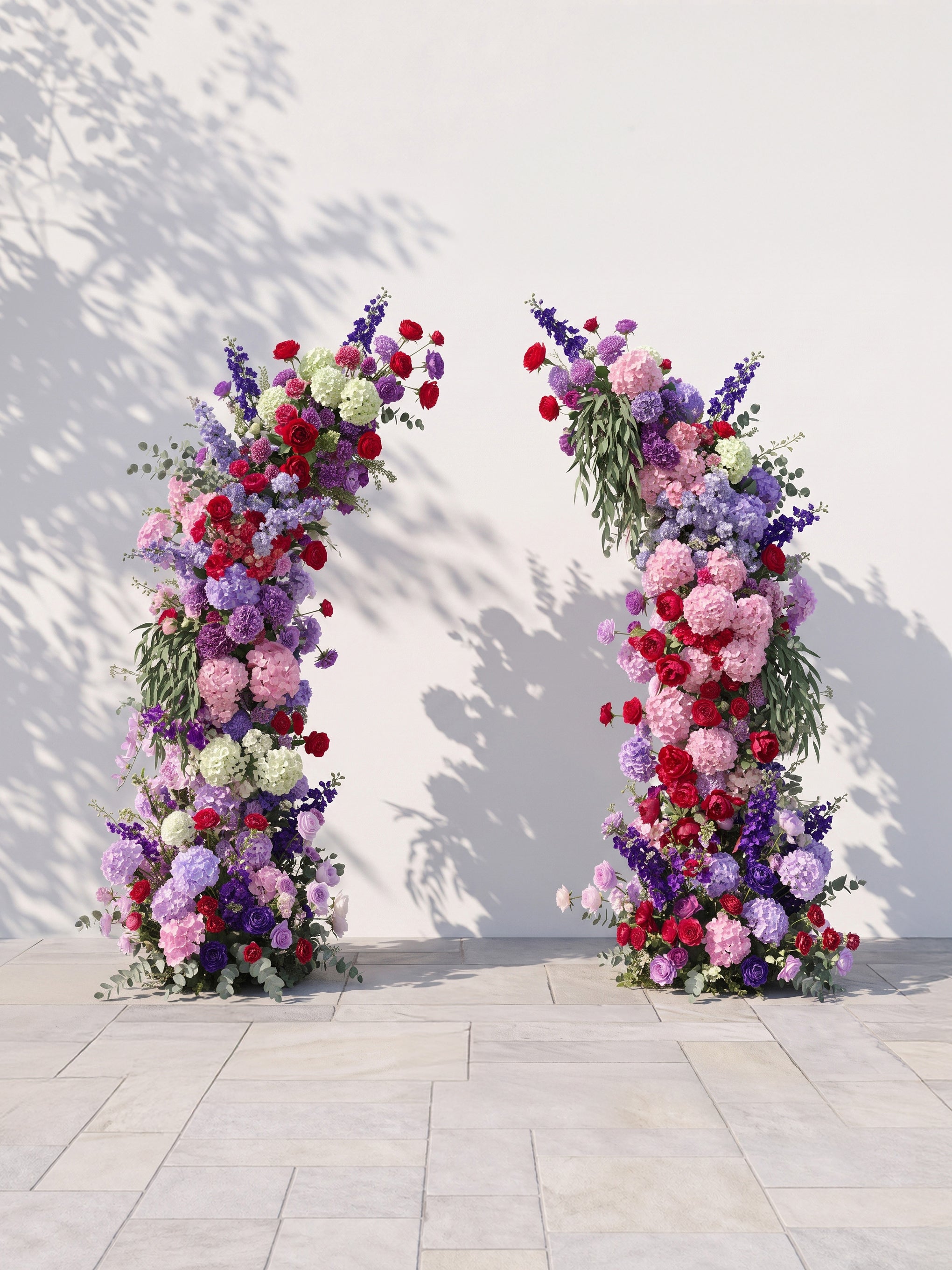 Brisira Luxury Horn Shaped Flower Arch with Frame for Wedding Party Event Backdrop Decoration — front view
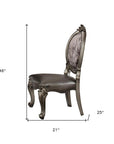 Set of Two Silver and Platinum Upholstered Faux Leather And Solid Wood King Louis Back Dining Side Chairs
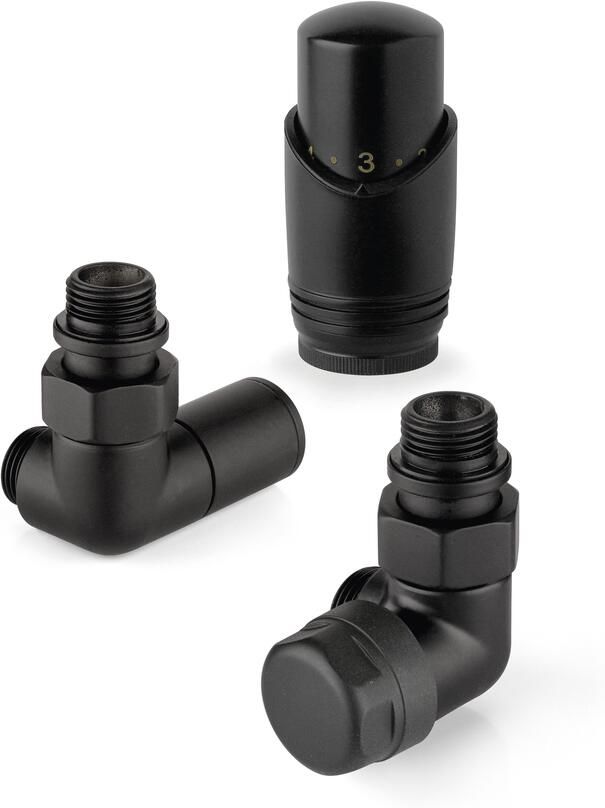 Plieger Aansluitset Dubbele Zijaansluiting Radiator Valvola Haaks Zwart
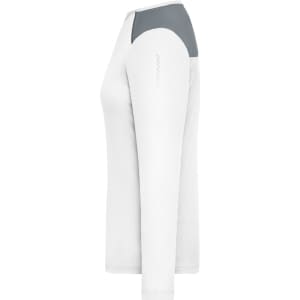 A long-sleeve ladies' running shirt in white with a grey shoulder panel and a logo on the sleeve.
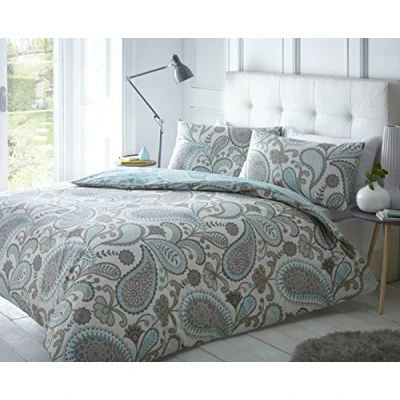 Immagine di Sleepdown Set di copripiumino e federa, motivo cachemire, con stampa digitale, verde acqua (singolo)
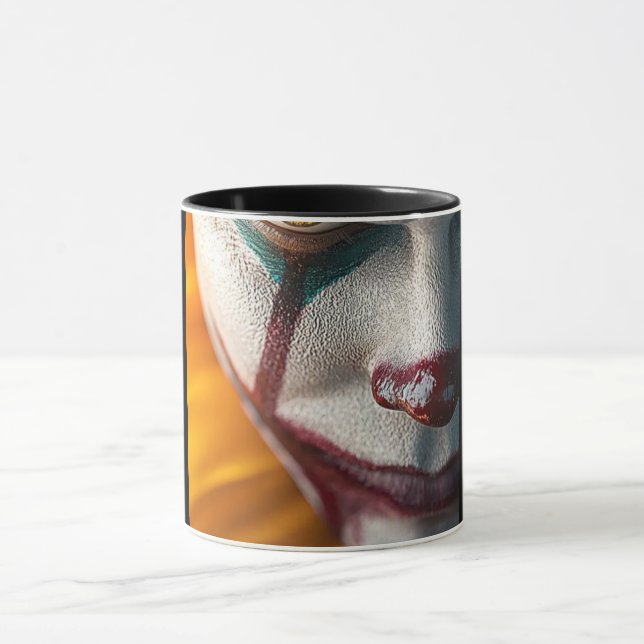 Rolig kuslig monsteransikte svart kaffemugg | Teck (Center)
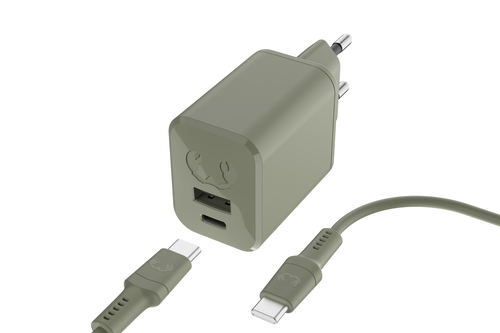 FRESHN REBEL Charger USB-C PD Dried Green 2WCC45DG + USB-C Cable 45W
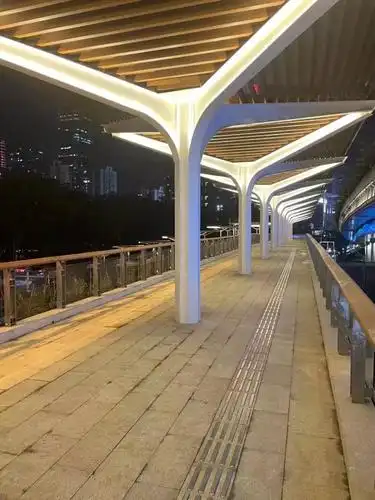 南山这座天桥正式启用有电梯雨棚晚上还会亮晶晶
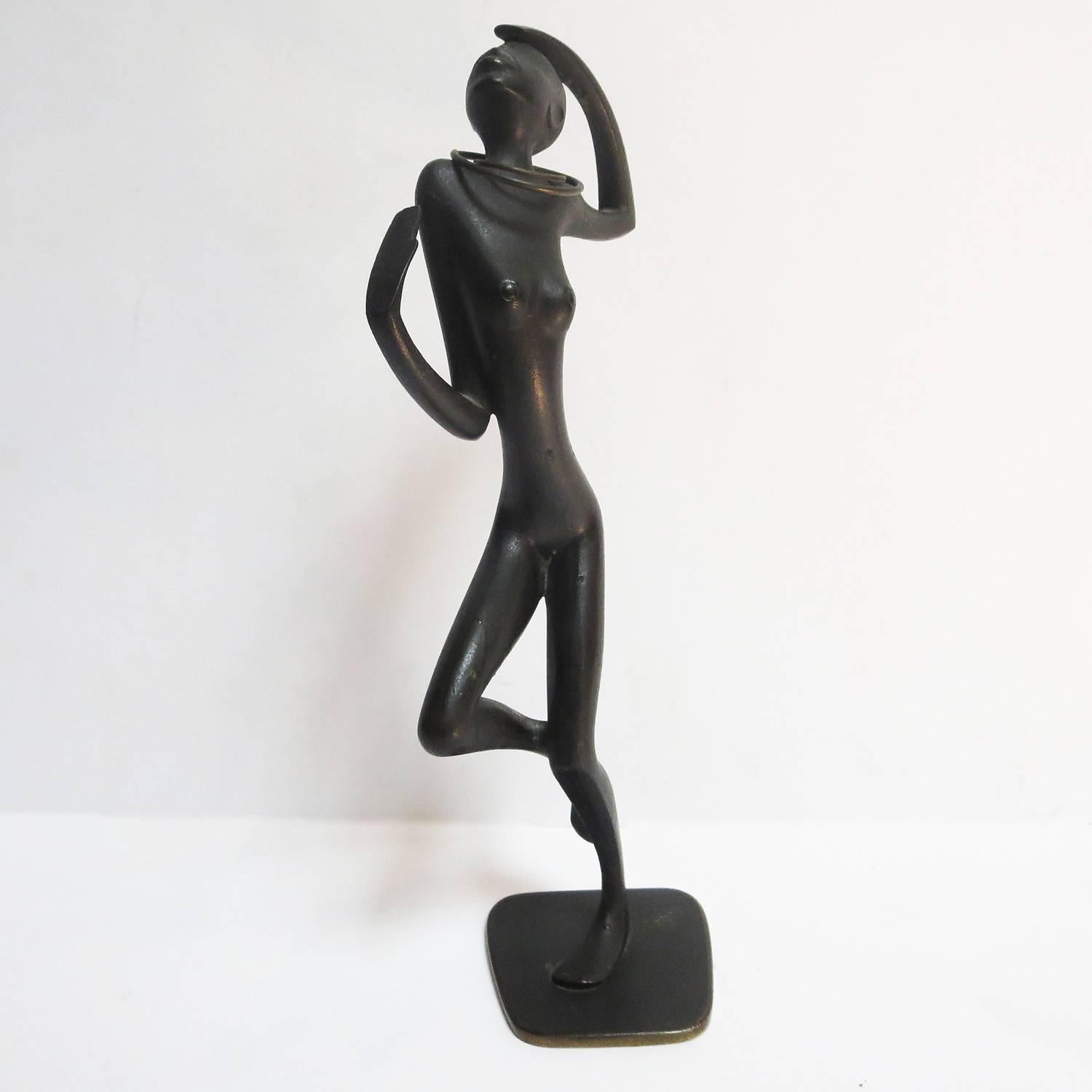 Austrian Hagenauer Art Deco Dancing Woman African Sculpture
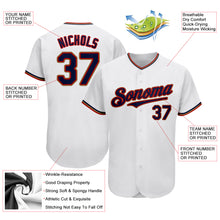 Load image into Gallery viewer, Custom White Navy-Red Authentic Baseball Jersey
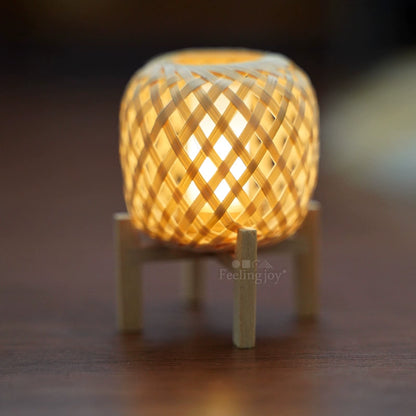 Lampe de table miniature Wabi Sabi en bambou, style japonais, faite à la main, échelle 1:6, éclairage pour maison de poupée avec fonction d'éclairage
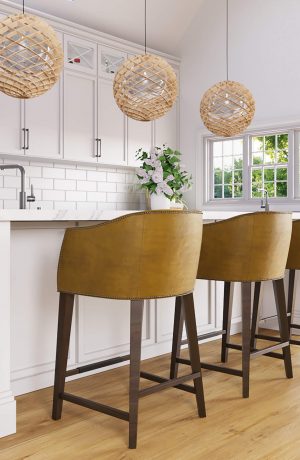Leathercraft's Baxter Luxury Leather Wood Bar Stool in Modern White Kitchen - Side View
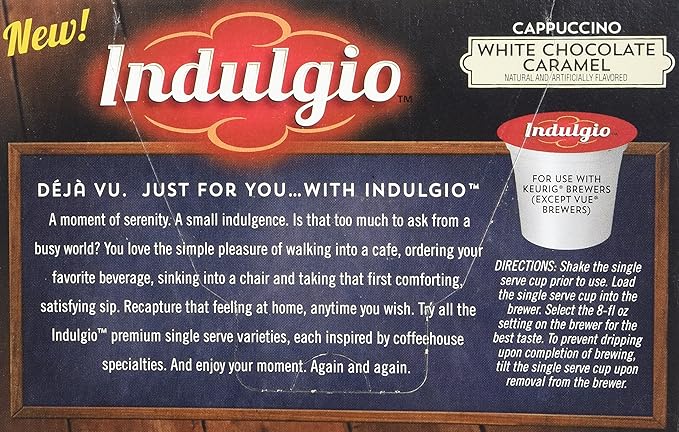 Indulgio Cappuccino, White Chocolate Caramel, 12-Count Single Serve Cup for Keurig K-Cup Brewers is the perfect choice for coffee enthusiasts who crave a delicious and indulgent treat. With its harmonious blend of creamy white chocolate and luscious caramel flavors, it delivers a satisfying experience that lingers on the palate. Each pack comes with 12 convenient single-serve cups, designed specifically for use with Keurig K-Cup brewers. Say goodbye to measuring and grinding coffee beans - simply insert the cup, select your desired size, and enjoy a perfectly brewed cappuccino in no time. Indulgio takes pride in delivering exceptional coffee products, and their Cappuccino, White Chocolate Caramel flavor is a testament to their dedication. Experience the convenience and delight of this delightful beverage option today.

- Task brief -
Pictures do not belong in the answer. Return the lines above starting at the one with "Rolig kuslig monsteransikte" and ending at the one with "Load image into", both kept, exactly.

- Solution to the exercise -
 Rolig kuslig monsteransikte svart kaffemugg | Teck (Center)
 FRESHN REBEL Charger USB-C PD Dried Green 2WCC45DG + USB-C Cable 45W
 南山这座天桥正式启用有电梯雨棚晚上还会亮晶晶
 Austrian Hagenauer Art Deco Dancing Woman African Sculpture
 Load image into Gallery viewer, Custom White Navy-Red Authentic Baseball Jersey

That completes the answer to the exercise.